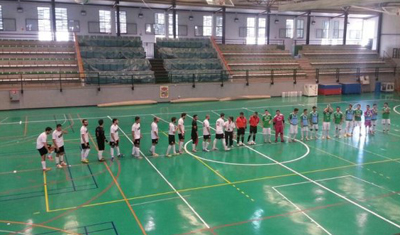 Los dos equipos antes de comenzar el encuentro 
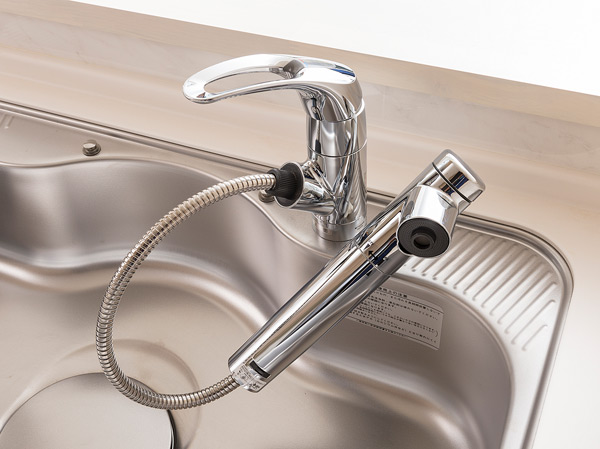 Kitchen.  [Water purifier integrated shower faucet] Water purification cartridge built into the head portion. Sink of cleaning is also a comfortable shower faucet.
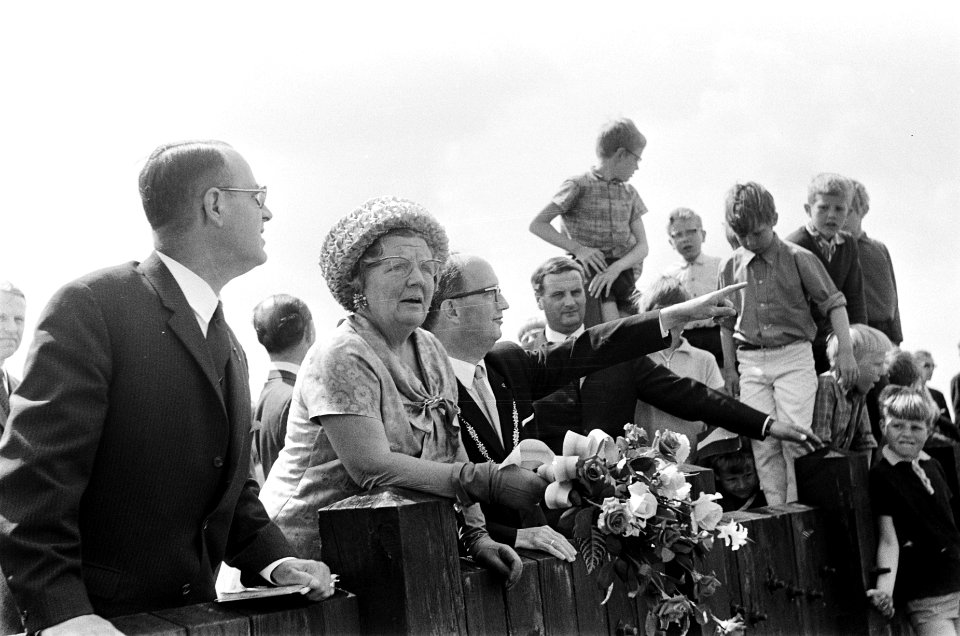 Koningin Juliana kijkt over de zeewering bij de haven van Den Oever, naast haar , Bestanddeelnr 922-5323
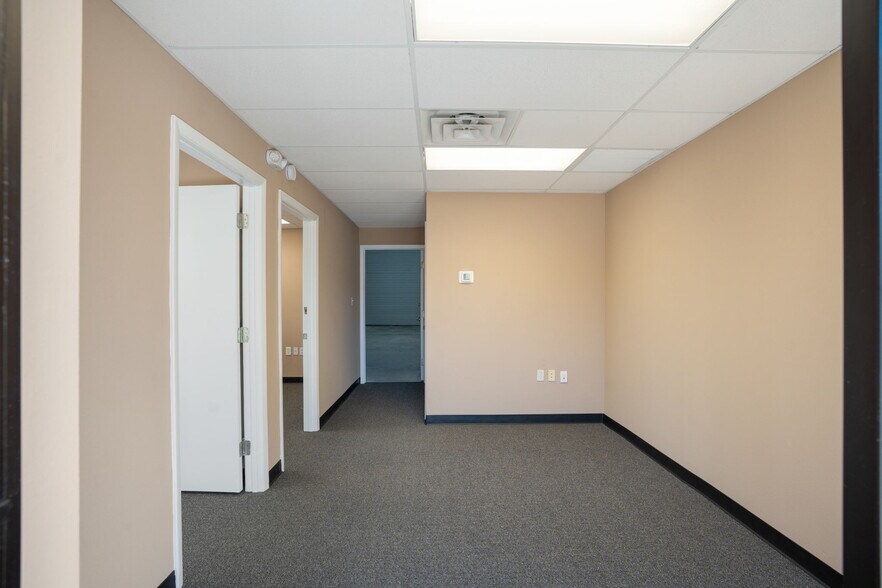 More Photos Of 8141 Blaikie Ct, Sarasota Warehouse For Lease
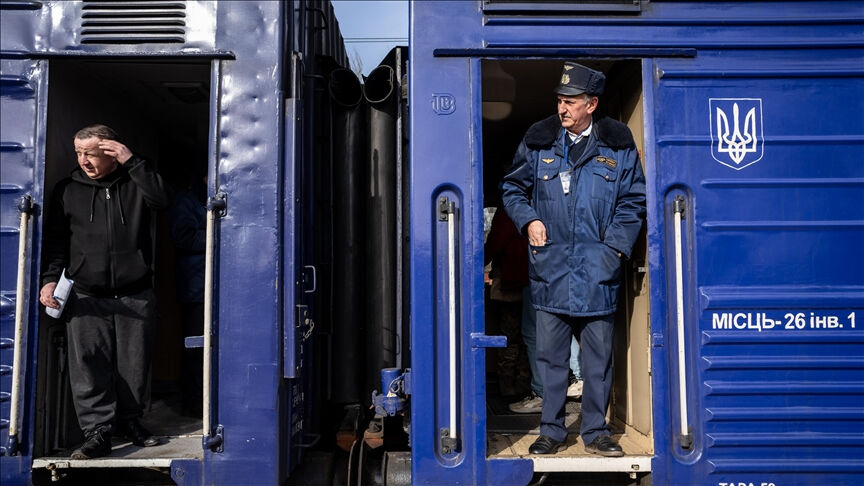 Demiryollarına siber saldırı! Ukrayna'da seferler geçici olarak durduruldu - 1. Resim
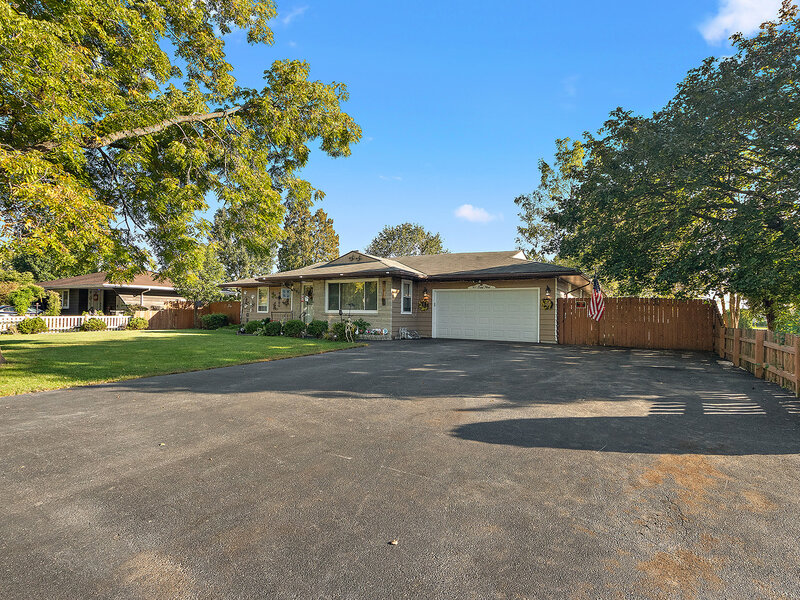 901 E 1st Street Lockport IL 60441
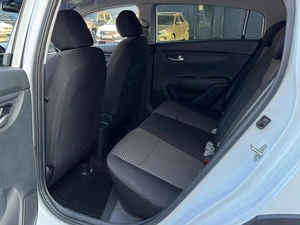 Хетчбэк Kia Rio X-Line 2019 года, 1779000 рублей, Кропоткин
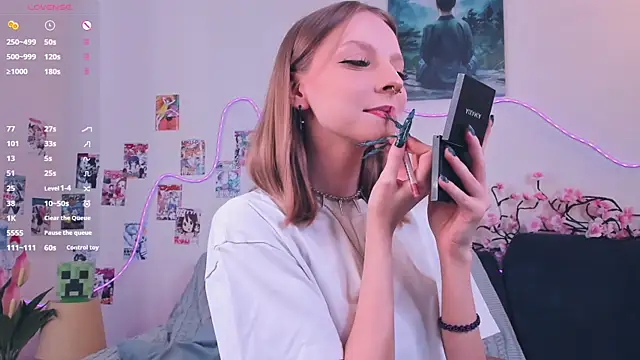 Snapshot of Golden_dawn chatting on March 18, 2026, 7:33 am Golden dawn online show from March 18, 2026, 7:33 am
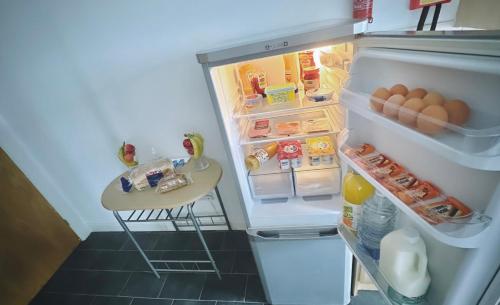 Afbeelding uit fotogalerij van Unique view of Anfield stadium - Charming 2 bedroom apartment in Liverpool with parking in Liverpool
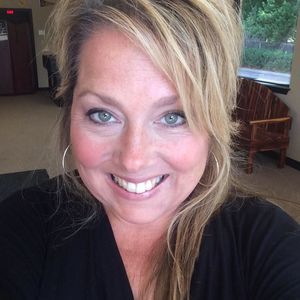 Meet your Posher, Michele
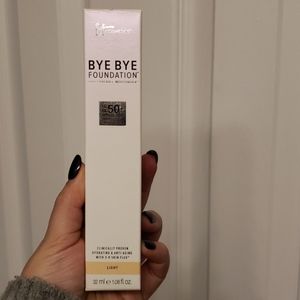 it Cosmetics Bye Bye Foundation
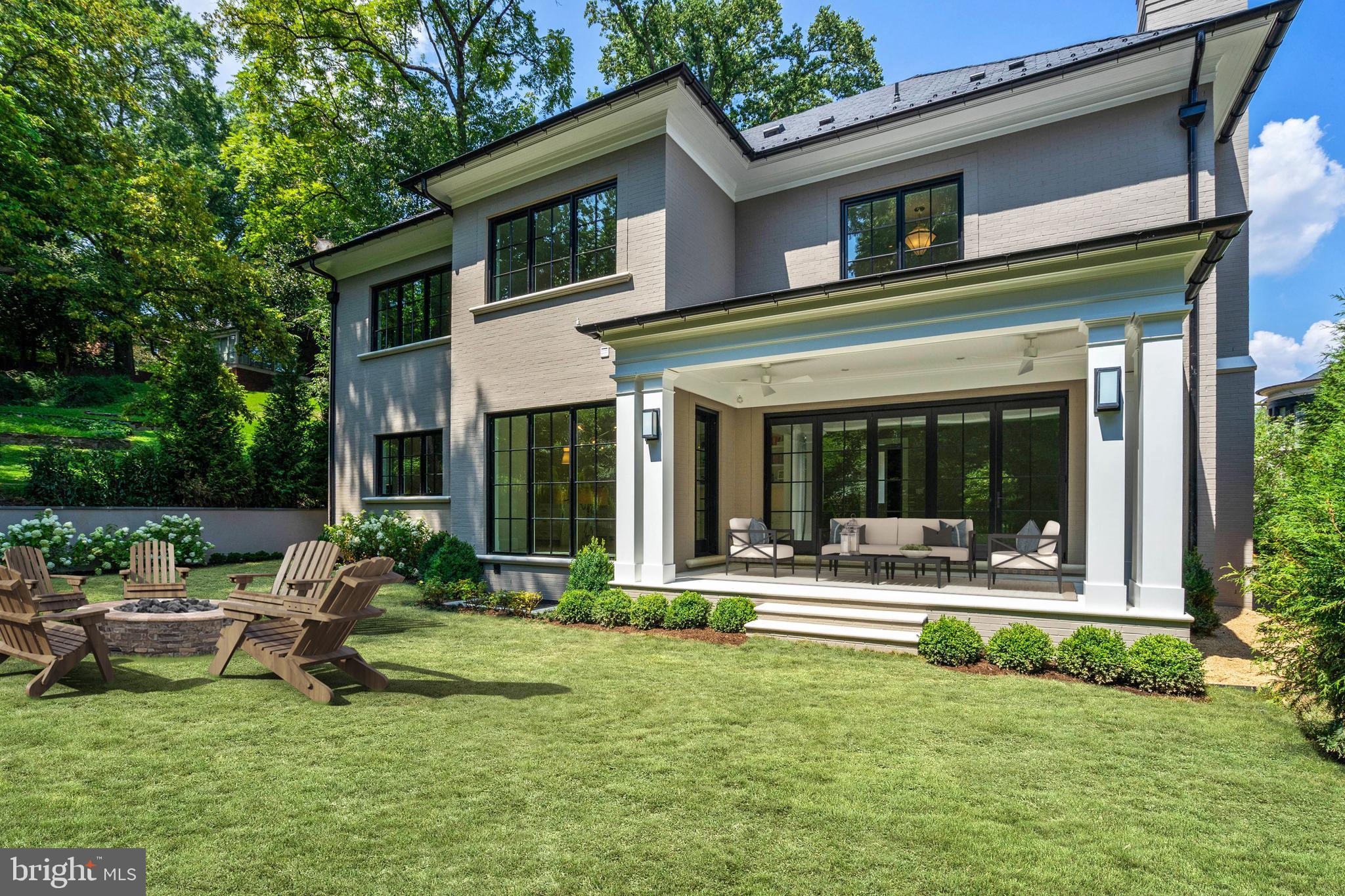 PHILLIPS PARK - Residential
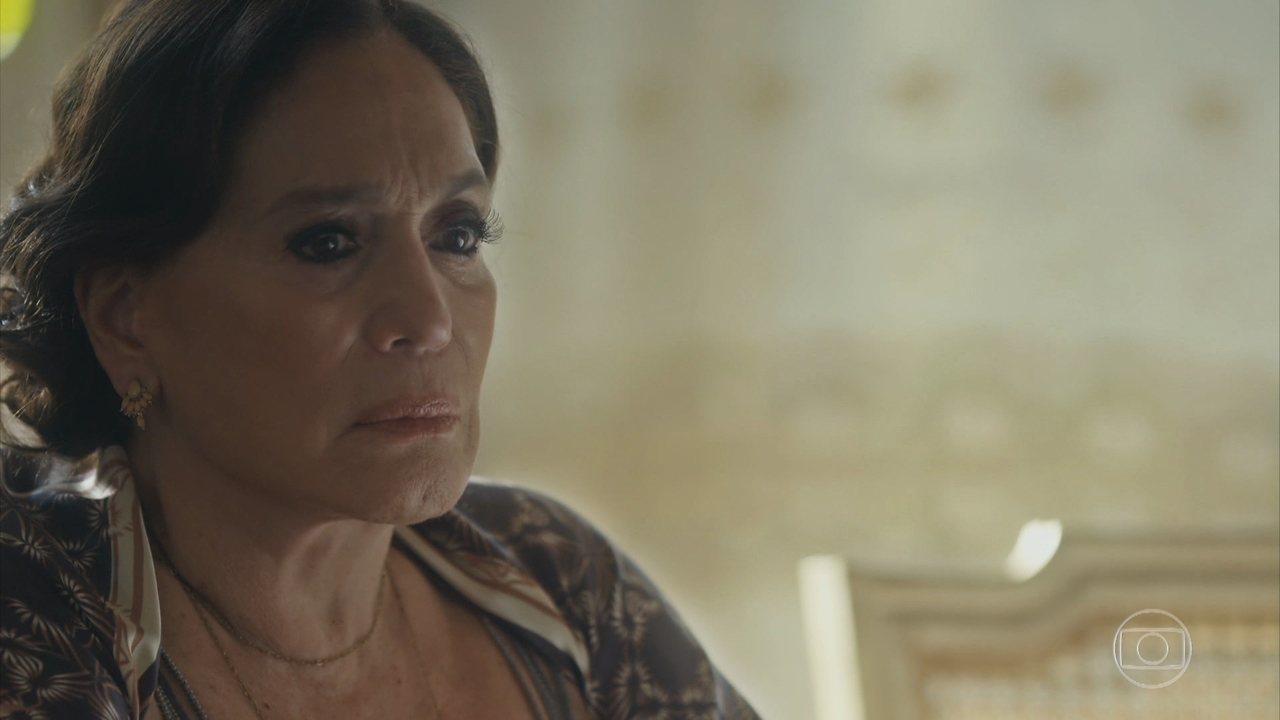Emília (Susana Vieira) em Éramos Seis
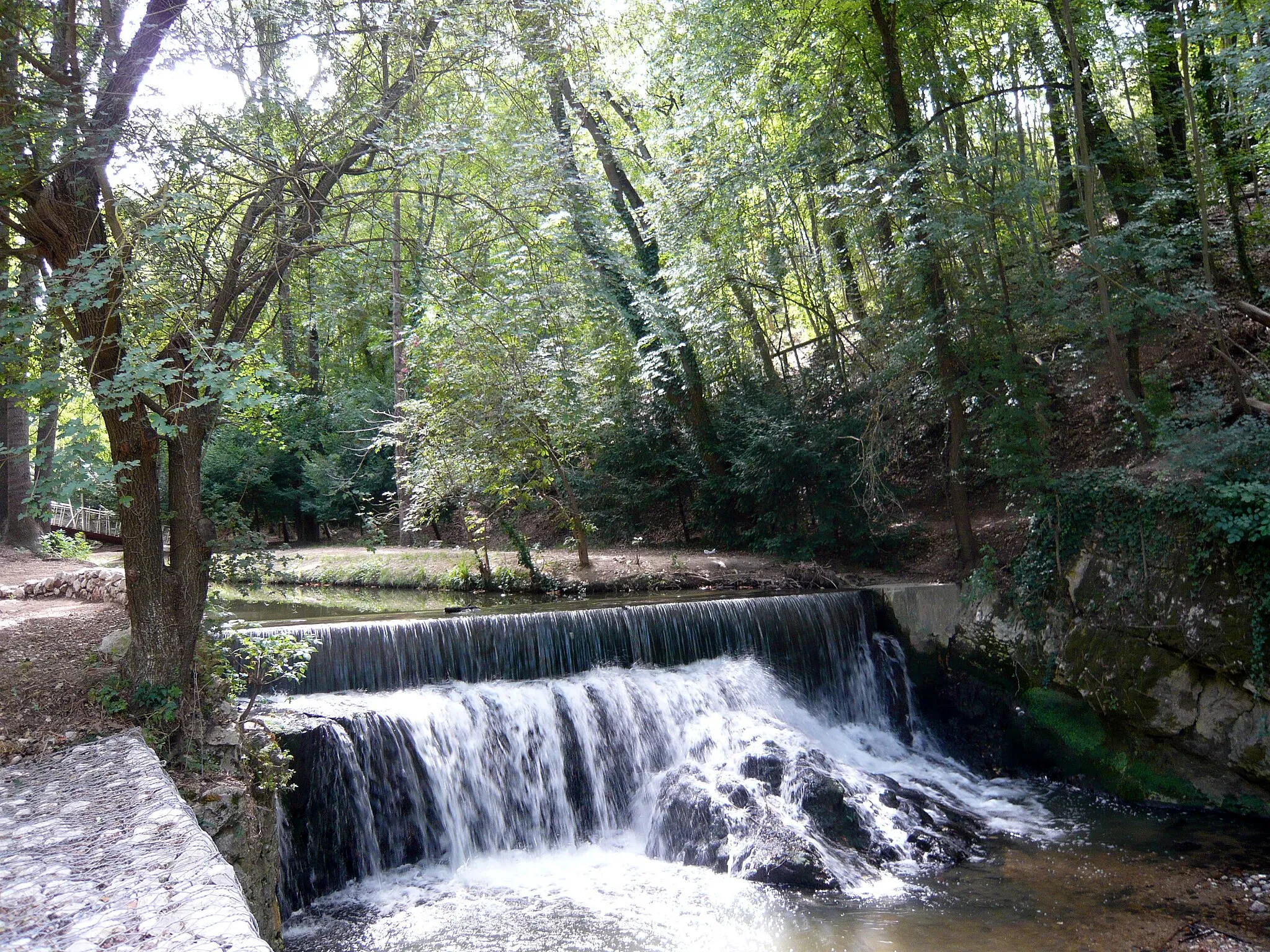 Photo showing: La Luynes au pavillon de chasse du Roi René, Gardanne (France).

• WHAT THE TASK ASKS
Everything in the records above must be repeated exactly, except the pictures.

• PROBLEM SOLUTION
 Los dos equipos antes de comenzar el encuentro 
 Kitchen.  [Water purifier integrated shower faucet] Water purification cartridge built into the head portion. Sink of cleaning is also a comfortable shower faucet.
 Koningin Juliana kijkt over de zeewering bij de haven van Den Oever, naast haar , Bestanddeelnr 922-5323
 More Photos Of 8141 Blaikie Ct, Sarasota Warehouse For Lease
 Demiryollarına siber saldırı! Ukrayna'da seferler geçici olarak durduruldu - 1. Resim
 901 E 1st Street Lockport IL 60441
 Хетчбэк Kia Rio X-Line 2019 года, 1779000 рублей, Кропоткин
 Snapshot of Golden_dawn chatting on March 18, 2026, 7:33 am Golden dawn online show from March 18, 2026, 7:33 am
 Afbeelding uit fotogalerij van Unique view of Anfield stadium - Charming 2 bedroom apartment in Liverpool with parking in Liverpool
 Meet your Posher, Michele
 it Cosmetics Bye Bye Foundation
 PHILLIPS PARK - Residential
Emília (Susana Vieira) em Éramos Seis
 Photo showing: La Luynes au pavillon de chasse du Roi René, Gardanne (France).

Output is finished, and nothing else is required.